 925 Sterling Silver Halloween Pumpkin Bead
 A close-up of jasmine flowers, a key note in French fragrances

_ _ _

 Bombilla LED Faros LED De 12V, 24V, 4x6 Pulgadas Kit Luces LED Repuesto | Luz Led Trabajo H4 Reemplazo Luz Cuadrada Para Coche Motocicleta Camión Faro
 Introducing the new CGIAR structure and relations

_ _ _

> _Assigned task_: For this exercise, output exactly the lines above from the line with "Bombilla LED Faros" to the line with "Introducing the new", counting both, and leave out the rest.

> _Response_:
 Bombilla LED Faros LED De 12V, 24V, 4x6 Pulgadas Kit Luces LED Repuesto | Luz Led Trabajo H4 Reemplazo Luz Cuadrada Para Coche Motocicleta Camión Faro
 Introducing the new CGIAR structure and relations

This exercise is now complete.